Provided records -

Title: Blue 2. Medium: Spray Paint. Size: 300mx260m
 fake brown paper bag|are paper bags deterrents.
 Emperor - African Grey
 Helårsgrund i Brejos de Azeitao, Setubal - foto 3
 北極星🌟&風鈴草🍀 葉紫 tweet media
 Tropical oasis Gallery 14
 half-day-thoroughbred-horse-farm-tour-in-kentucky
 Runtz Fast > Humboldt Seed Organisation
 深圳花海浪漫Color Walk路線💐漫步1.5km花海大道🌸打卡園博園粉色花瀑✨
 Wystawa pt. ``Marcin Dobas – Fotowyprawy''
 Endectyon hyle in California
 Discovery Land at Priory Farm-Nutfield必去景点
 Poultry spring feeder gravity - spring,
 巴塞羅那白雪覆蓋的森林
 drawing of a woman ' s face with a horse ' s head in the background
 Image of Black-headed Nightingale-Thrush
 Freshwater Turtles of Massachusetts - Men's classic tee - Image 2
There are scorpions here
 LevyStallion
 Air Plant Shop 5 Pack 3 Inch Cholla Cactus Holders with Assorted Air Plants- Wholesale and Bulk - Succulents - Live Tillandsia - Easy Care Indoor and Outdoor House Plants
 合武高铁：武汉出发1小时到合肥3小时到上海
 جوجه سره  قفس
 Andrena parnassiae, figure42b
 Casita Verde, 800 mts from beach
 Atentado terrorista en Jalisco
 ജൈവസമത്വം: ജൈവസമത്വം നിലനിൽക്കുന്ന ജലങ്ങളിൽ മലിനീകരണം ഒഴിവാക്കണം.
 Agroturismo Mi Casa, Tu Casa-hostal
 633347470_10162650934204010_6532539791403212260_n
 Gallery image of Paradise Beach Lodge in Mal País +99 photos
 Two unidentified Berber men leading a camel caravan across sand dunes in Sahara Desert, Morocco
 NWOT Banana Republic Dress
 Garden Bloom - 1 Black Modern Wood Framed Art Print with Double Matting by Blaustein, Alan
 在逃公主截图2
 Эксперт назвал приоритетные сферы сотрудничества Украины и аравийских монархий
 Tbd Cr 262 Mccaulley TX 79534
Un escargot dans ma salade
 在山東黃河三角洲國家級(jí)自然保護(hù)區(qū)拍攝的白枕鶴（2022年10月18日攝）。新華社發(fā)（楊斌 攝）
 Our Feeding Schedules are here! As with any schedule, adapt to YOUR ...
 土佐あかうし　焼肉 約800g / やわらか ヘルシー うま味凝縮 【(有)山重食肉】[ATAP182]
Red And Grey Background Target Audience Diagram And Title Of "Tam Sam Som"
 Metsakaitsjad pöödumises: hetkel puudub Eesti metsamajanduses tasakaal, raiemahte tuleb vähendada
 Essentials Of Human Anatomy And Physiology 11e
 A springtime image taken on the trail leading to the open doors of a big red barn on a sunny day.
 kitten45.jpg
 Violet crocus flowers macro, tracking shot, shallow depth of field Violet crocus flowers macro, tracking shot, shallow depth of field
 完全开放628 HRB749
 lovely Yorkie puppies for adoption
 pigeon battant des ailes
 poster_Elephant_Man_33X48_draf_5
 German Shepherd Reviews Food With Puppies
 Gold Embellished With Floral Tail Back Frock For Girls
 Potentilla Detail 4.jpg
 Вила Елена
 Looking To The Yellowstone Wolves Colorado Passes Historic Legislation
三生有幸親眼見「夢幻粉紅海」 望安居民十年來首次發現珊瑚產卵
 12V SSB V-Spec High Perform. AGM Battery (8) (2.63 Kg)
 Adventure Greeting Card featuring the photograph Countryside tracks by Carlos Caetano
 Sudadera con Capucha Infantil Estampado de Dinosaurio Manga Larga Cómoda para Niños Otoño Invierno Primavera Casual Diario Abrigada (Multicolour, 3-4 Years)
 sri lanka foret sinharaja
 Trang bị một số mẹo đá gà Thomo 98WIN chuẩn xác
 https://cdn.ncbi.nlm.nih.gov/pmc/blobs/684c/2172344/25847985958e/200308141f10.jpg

Exercise objective - Print the records again in their entirety, character for character.

Exercise answer -
Title: Blue 2. Medium: Spray Paint. Size: 300mx260m
 fake brown paper bag|are paper bags deterrents.
 Emperor - African Grey
 Helårsgrund i Brejos de Azeitao, Setubal - foto 3
 北極星🌟&風鈴草🍀 葉紫 tweet media
 Tropical oasis Gallery 14
 half-day-thoroughbred-horse-farm-tour-in-kentucky
 Runtz Fast > Humboldt Seed Organisation
 深圳花海浪漫Color Walk路線💐漫步1.5km花海大道🌸打卡園博園粉色花瀑✨
 Wystawa pt. ``Marcin Dobas – Fotowyprawy''
 Endectyon hyle in California
 Discovery Land at Priory Farm-Nutfield必去景点
 Poultry spring feeder gravity - spring,
 巴塞羅那白雪覆蓋的森林
 drawing of a woman ' s face with a horse ' s head in the background
 Image of Black-headed Nightingale-Thrush
 Freshwater Turtles of Massachusetts - Men's classic tee - Image 2
There are scorpions here
 LevyStallion
 Air Plant Shop 5 Pack 3 Inch Cholla Cactus Holders with Assorted Air Plants- Wholesale and Bulk - Succulents - Live Tillandsia - Easy Care Indoor and Outdoor House Plants
 合武高铁：武汉出发1小时到合肥3小时到上海
 جوجه سره  قفس
 Andrena parnassiae, figure42b
 Casita Verde, 800 mts from beach
 Atentado terrorista en Jalisco
 ജൈവസമത്വം: ജൈവസമത്വം നിലനിൽക്കുന്ന ജലങ്ങളിൽ മലിനീകരണം ഒഴിവാക്കണം.
 Agroturismo Mi Casa, Tu Casa-hostal
 633347470_10162650934204010_6532539791403212260_n
 Gallery image of Paradise Beach Lodge in Mal País +99 photos
 Two unidentified Berber men leading a camel caravan across sand dunes in Sahara Desert, Morocco
 NWOT Banana Republic Dress
 Garden Bloom - 1 Black Modern Wood Framed Art Print with Double Matting by Blaustein, Alan
 在逃公主截图2
 Эксперт назвал приоритетные сферы сотрудничества Украины и аравийских монархий
 Tbd Cr 262 Mccaulley TX 79534
Un escargot dans ma salade
 在山東黃河三角洲國家級(jí)自然保護(hù)區(qū)拍攝的白枕鶴（2022年10月18日攝）。新華社發(fā)（楊斌 攝）
 Our Feeding Schedules are here! As with any schedule, adapt to YOUR ...
 土佐あかうし　焼肉 約800g / やわらか ヘルシー うま味凝縮 【(有)山重食肉】[ATAP182]
Red And Grey Background Target Audience Diagram And Title Of "Tam Sam Som"
 Metsakaitsjad pöödumises: hetkel puudub Eesti metsamajanduses tasakaal, raiemahte tuleb vähendada
 Essentials Of Human Anatomy And Physiology 11e
 A springtime image taken on the trail leading to the open doors of a big red barn on a sunny day.
 kitten45.jpg
 Violet crocus flowers macro, tracking shot, shallow depth of field Violet crocus flowers macro, tracking shot, shallow depth of field
 完全开放628 HRB749
 lovely Yorkie puppies for adoption
 pigeon battant des ailes
 poster_Elephant_Man_33X48_draf_5
 German Shepherd Reviews Food With Puppies
 Gold Embellished With Floral Tail Back Frock For Girls
 Potentilla Detail 4.jpg
 Вила Елена
 Looking To The Yellowstone Wolves Colorado Passes Historic Legislation
三生有幸親眼見「夢幻粉紅海」 望安居民十年來首次發現珊瑚產卵
 12V SSB V-Spec High Perform. AGM Battery (8) (2.63 Kg)
 Adventure Greeting Card featuring the photograph Countryside tracks by Carlos Caetano
 Sudadera con Capucha Infantil Estampado de Dinosaurio Manga Larga Cómoda para Niños Otoño Invierno Primavera Casual Diario Abrigada (Multicolour, 3-4 Years)
 sri lanka foret sinharaja
 Trang bị một số mẹo đá gà Thomo 98WIN chuẩn xác
 https://cdn.ncbi.nlm.nih.gov/pmc/blobs/684c/2172344/25847985958e/200308141f10.jpg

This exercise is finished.